Our patient was a female neonate born at 35 weeks to a 32-year-old mother who was newly diagnosed with Systemic Lupus Erythematosus (SLE) in the first trimester. The mother tested positive for ANA, dsDNA and SS-A antibodies. She received Plaquenil, Atovaquone, Azathioprine, Aspirin and Prednisone during pregnancy. At the mid-gestation anatomy scan, there were no abnormal findings. Fetus had appropriate growth parameters and had normal heart rate of 140–160 beats per minute with a regular rhythm throughout pregnancy.
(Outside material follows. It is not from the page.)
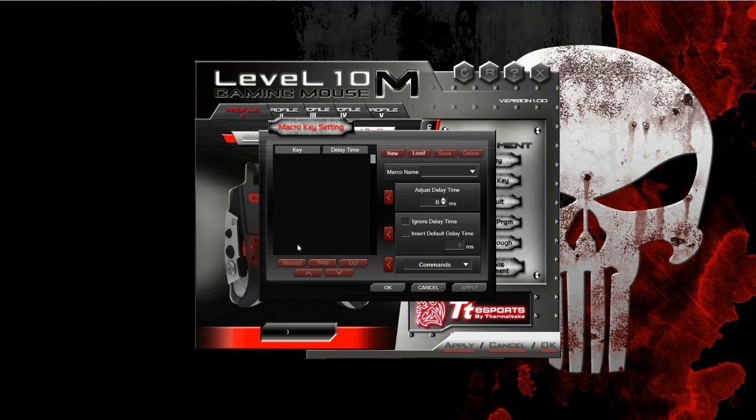Below that, you have macro keys for setting up different macro selections. If you're going to set up different keys in association with the side of the mouse, top of the mouse, all the other stuff, you can adjust your delay, the different names of your macro rows — basically a record function with different commands and pre-selected commands.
At 34 gestational weeks, the mother presented with new onset systemic hypertension and premature rupture of membranes. After completing a course of betamethasone, she progressed to preterm labor. The baby was born at 35 weeks via spontaneous vaginal delivery. The Apgar scores were 5, 6 and 8 at 1, 5 and 10 minutes of life respectively.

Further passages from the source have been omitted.